Below are the entries. Print only the lines starting at the one with "PAW Patrol Chase, Skye, Marshall, and" and ending at the one with "UHOO wysokiej jakości", exactly, with no pictures.

SUPPLIED MATERIAL:

-*-

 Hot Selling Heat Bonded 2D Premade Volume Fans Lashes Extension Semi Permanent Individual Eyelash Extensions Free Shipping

-*-

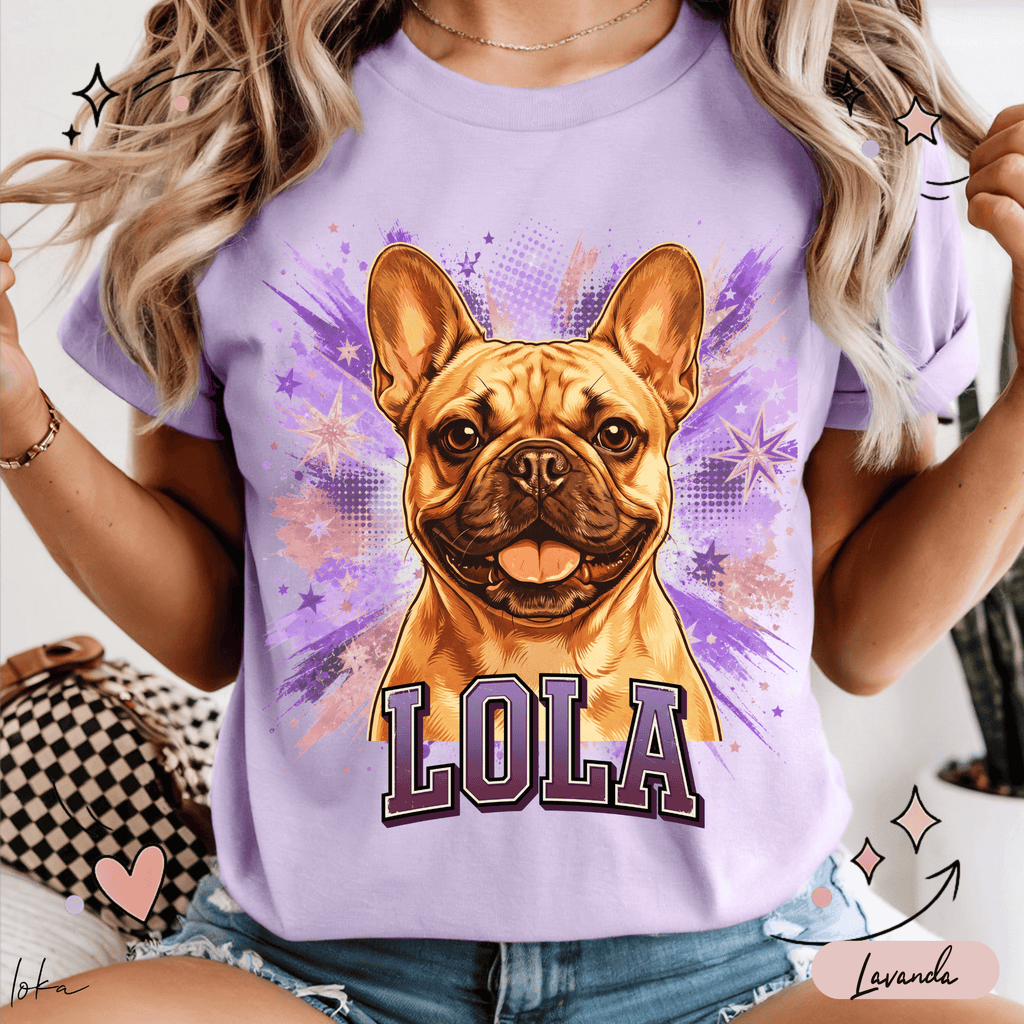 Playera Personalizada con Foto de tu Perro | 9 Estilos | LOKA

-*-

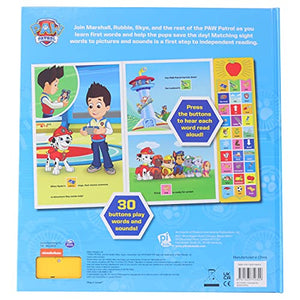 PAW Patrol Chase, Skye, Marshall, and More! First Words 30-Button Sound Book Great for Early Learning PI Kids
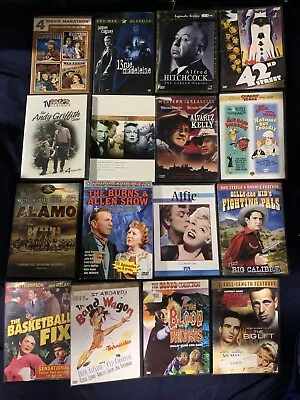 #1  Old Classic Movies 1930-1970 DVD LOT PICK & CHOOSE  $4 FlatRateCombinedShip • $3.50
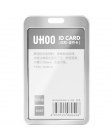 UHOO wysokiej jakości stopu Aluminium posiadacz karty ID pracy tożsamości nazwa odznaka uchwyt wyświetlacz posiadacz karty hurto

-*-

SOLUTION FOR THIS EXERCISE:
 PAW Patrol Chase, Skye, Marshall, and More! First Words 30-Button Sound Book Great for Early Learning PI Kids
 #1  Old Classic Movies 1930-1970 DVD LOT PICK & CHOOSE  $4 FlatRateCombinedShip • $3.50
 UHOO wysokiej jakości stopu Aluminium posiadacz karty ID pracy tożsamości nazwa odznaka uchwyt wyświetlacz posiadacz karty hurto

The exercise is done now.